Kotaku AU Games Of 2009: #6

The countdown of my personal picks for the best games of 2009 has now reached its halfway point. Next week I’ll reveal my top five, but for now at #6 we slaughter Covenant in a smoky jazz bar…

6. Halo 3: ODST (360)

Bungie took me by surprise with ODST. Going in I knew there was no Master Chief and I knew it was an expansion intended to complement the Halo story, filling in some of the blanks between the second and third chapters of the series. So playing as the unnamed Rookie and his squadmates over the course of a slightly shorter campaign didn’t phase me.

The first thing that surprised me was how engaging I found the city of New Mombasa to be. I appreciate games that have you revisit areas, coaxing you to pay attention to the environment, recognising landmarks and learning the layout. As a hub area traversed between missions, ODST’s city space provides a real sense of place often lacking in more linear games. That it looks and sounds beautiful – the sombre neon haze and synth-noir soundtrack is quite unlike any other Halo game – and is populated by a mix of set-pieces battles and random skirmishes makes it a place that’s worth returning to each time.

The second thing that surprised me was Firefight, the co-operative multiplayer mode introduced in ODST. I’d played Gears of War 2’s Horde mode, of course, so the concept of fending off waves of enemies in a single location wasn’t a surprise. But Bungie’s masterful execution of it was.
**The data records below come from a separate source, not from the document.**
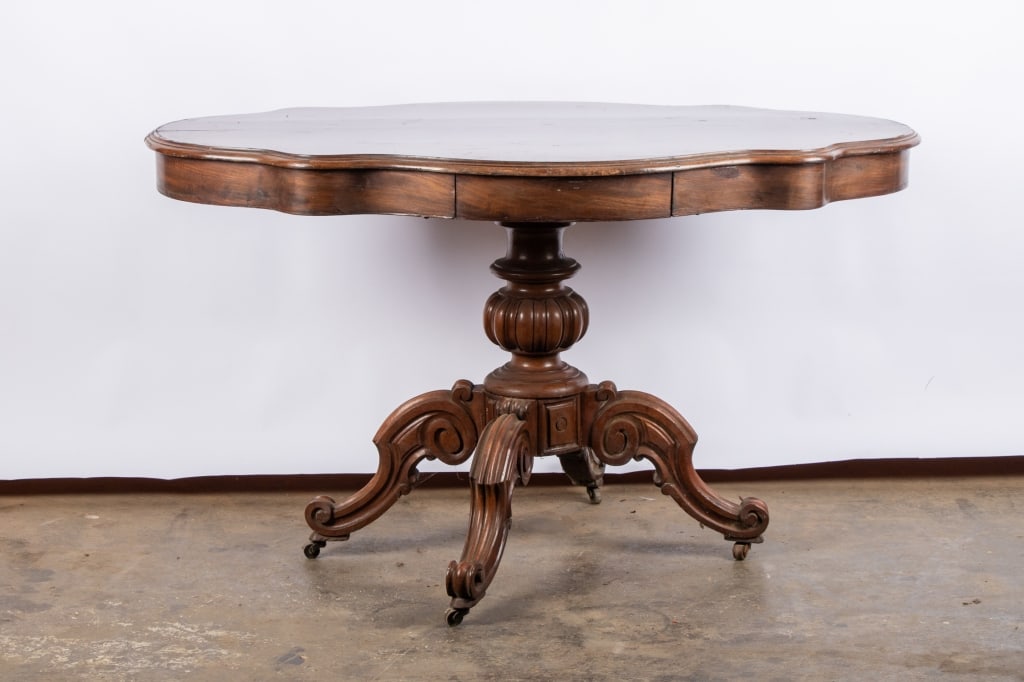 AMERICAN VICTORIAN MAHOGANY TURTLE TOP ENTRY TABLE - 5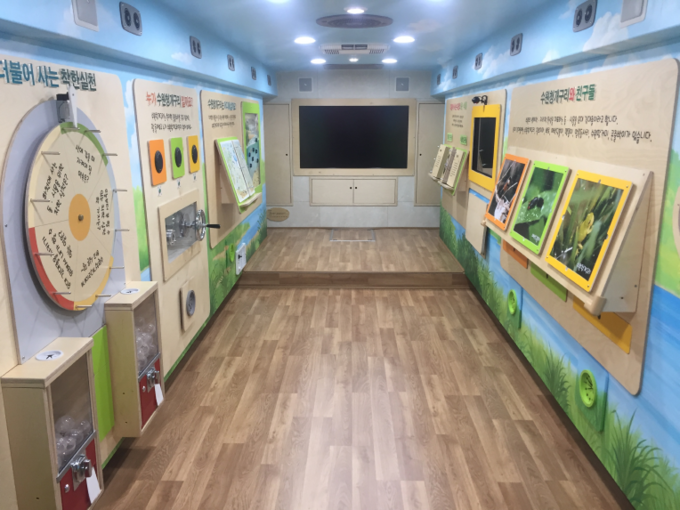 수원이 환경교실 버스 내부 모습. (사진=수원시 제공)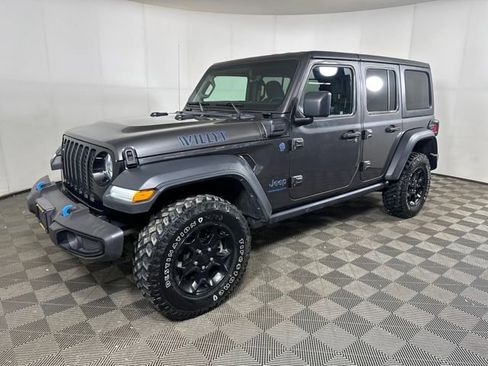 Used 2023 Jeep Wrangler Unlimited w/ Cold Weather Group image 7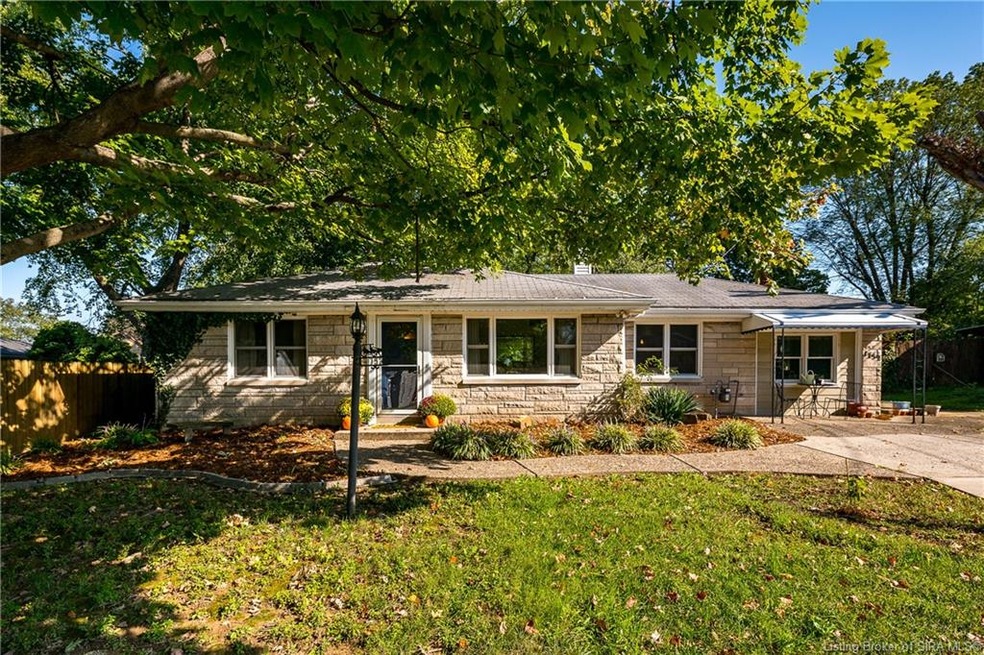 1752 McDonald Ln, New Albany, IN 47150 - photo 1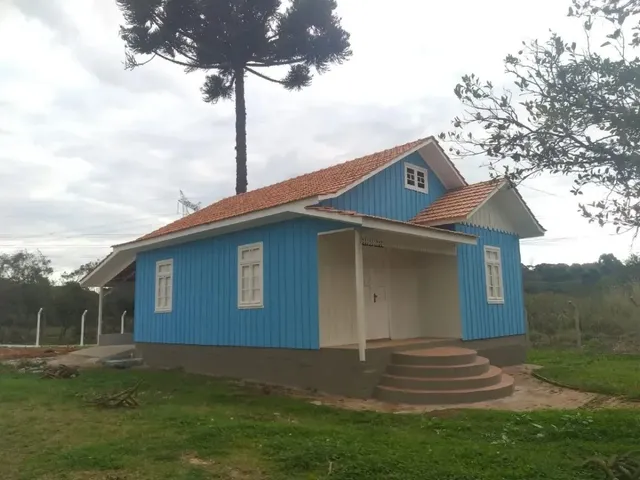 Prédio com 1600m², para alugar, no bairro Ferraria em Campo Largo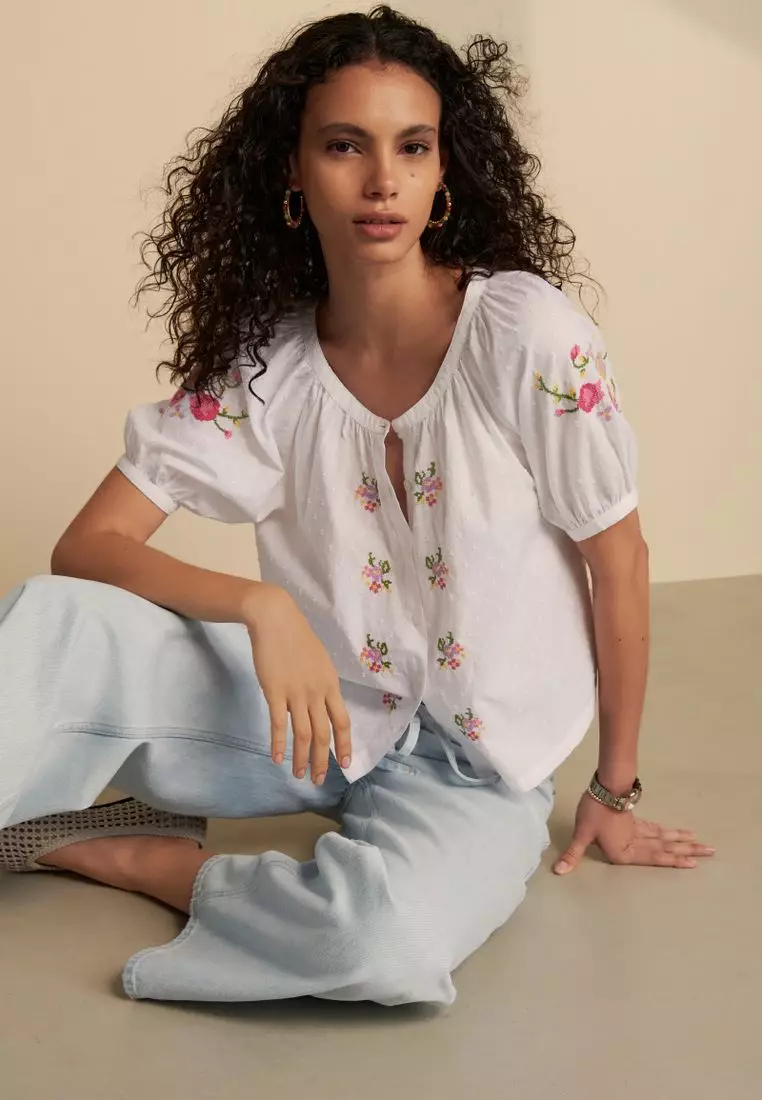 新品未開封★2025SS受注販売PUFF SHORT SLEEVE BLOUSE Short Sleeve Flutter Sleeve V-Neck Blouse | White House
The maps, lifted from familiar areas of the campaign, are uniformly well-tailored to the new format, each offering a multitude of tactical avenues depending on your personal play style. The skulls, which switch around some of the game “rules” between each wave, heightened the unpredictability and forced you to rethink your approach.

And of course, Halo’s peerless core combat – the rhythm delivered by shield regen, the choices afforded by its two-weapon limit, the strategic nuance of facing swarms of multiple enemy types, each requiring a different method of confrontation – translates effortlessly over to Firefight, elevating an unoriginal idea to best in class status.

As a package, ODST is the best in the Halo series. Not bad for an “expansion pack”.

Kotaku AU’s Games of 2009 are my personal picks for the best games of the year. I make no claim to have played everything released this year, nor do I pretend to be any way objective in my rankings. I look forward to debating my choices with you in the comments.